NSUN2 is a member of the NOP2/SUN family, an RNA m5C methyltransferase present in eukaryotes. NSUN2 catalyzes 5mC methylation at positions C48/49/50, which contributes to maintaining tRNA stability and mediates methylation in the tRNA variable loop to facilitate protein synthesis (66). Research indicates that NSUN2 promotes ICAM-1 mRNA translation through methylation, enhancing adhesion between leukocytes and endothelial cells. Pro-inflammatory factors such as TNF-α or homocysteine activate NSUN2 via Aurora-B (a protein kinase), exacerbating inflammatory responses. Conversely, NSUN2 deficiency exerts a protective effect against vascular inflammation (67).

2.4.3 m7G modification

m7G modification is a post-transcriptional base modification commonly occurring at the 5’ end of tRNA, rRNA, and eukaryotic mRNA (68). m7G modification plays a crucial role in RNA processing, stability, maturation, and translation, making it an indispensable modification process in RNA metabolism. Methyl transferase-like 1 (METTL1) is the methyltransferase responsible for m7G modification, dynamically regulating its levels (69).

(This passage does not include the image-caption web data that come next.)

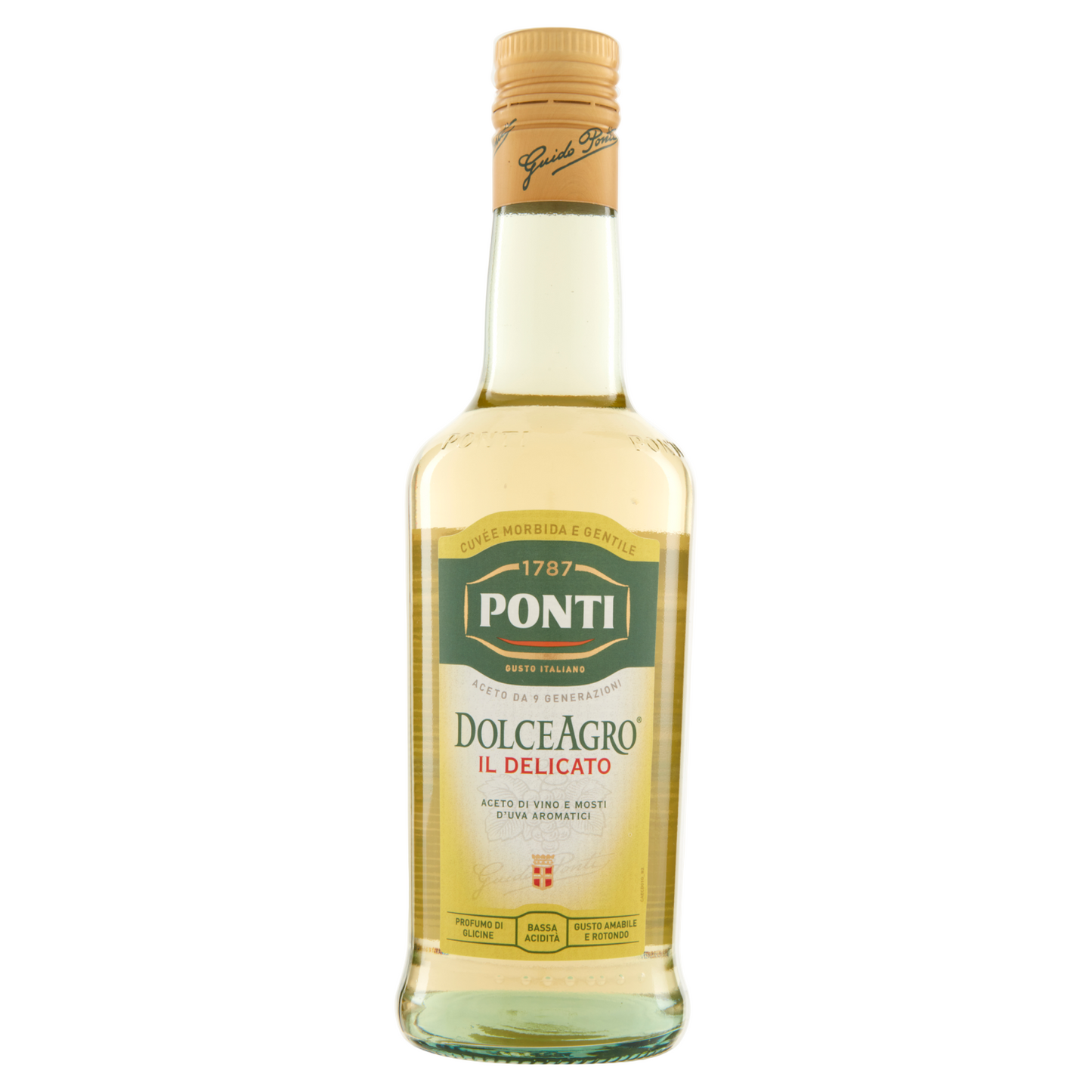 Ponti aceto Dolce Agro Delicato (Weiß,Bianco) 500 ml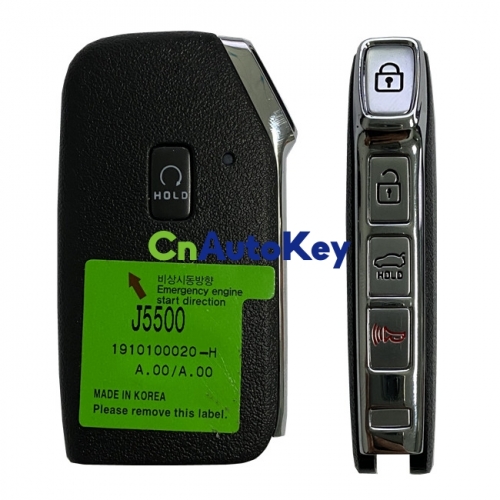 CN051121 For KIA 2020 Genuine Smart Remote Key 5 Buttons 433MHz HITAG 3 Transponder 95440-J5500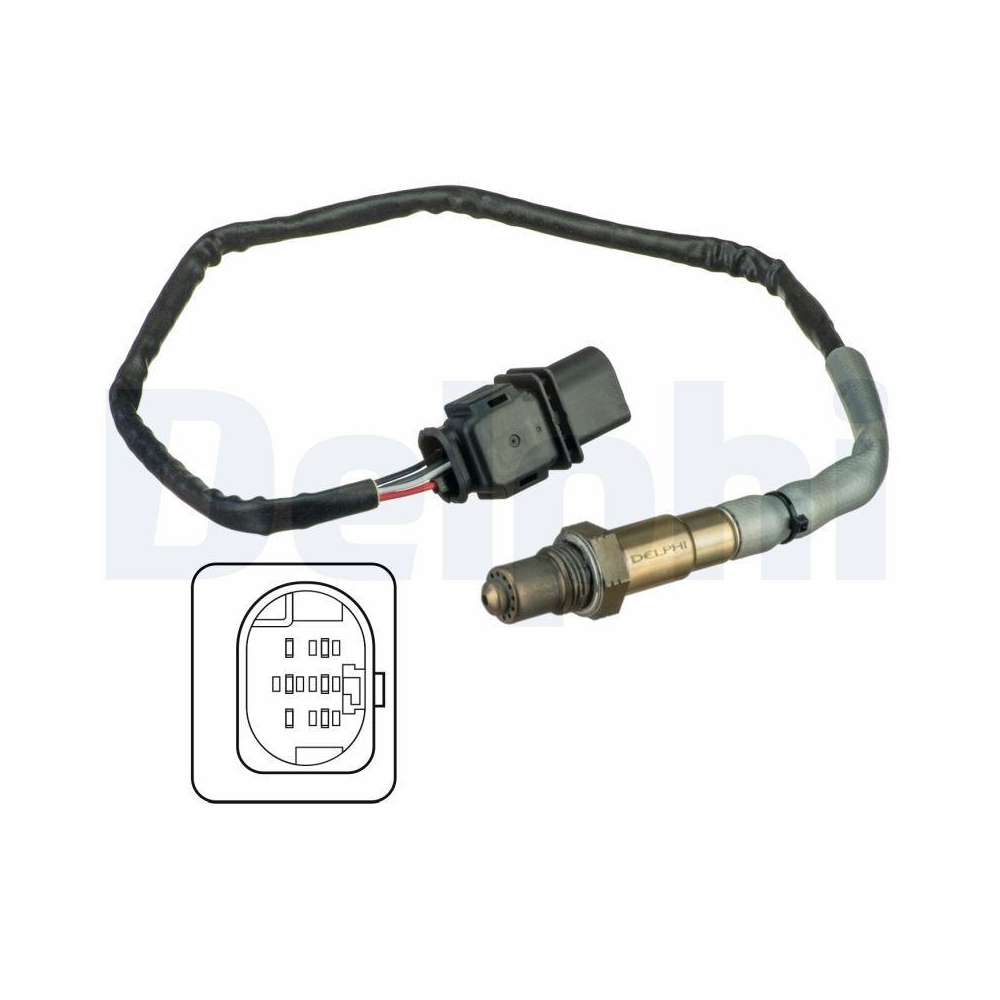 DELPHI ES20550-12B1 Lambdasonde f&uuml;r OPEL SAAB VAUXHALL HYUNDAI KIA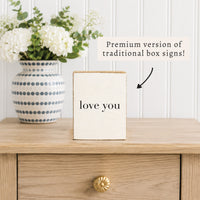 Love You Block Sign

METTL1 promotes angiogenesis by enhancing VEGFA mRNA translation in an m7G methylation-dependent manner (70). Although the precise mechanism of m7G modification in AAA remains incompletely elucidated, m7G-associated genes (CYFIP1, EIF3D, EIF4E3, NSUN2, NUDT11) show positive correlations with AAA-related scores (71). It can be inferred that m7G modification may also exert certain effects on the progression of vascular inflammation. Future studies should validate its specific role in the development and progression of vascular inflammation through further experimental investigations.

2.4.4 GlycoRNA

Glycosylation is one of the most prevalent and crucial modifications of biomolecules. Previously, RNA was not considered a primary target for glycosylation, which was primarily observed in proteins and lipids. However, recent studies have revealed that RNA serves as the third major glycosylation carrier alongside proteins and lipids.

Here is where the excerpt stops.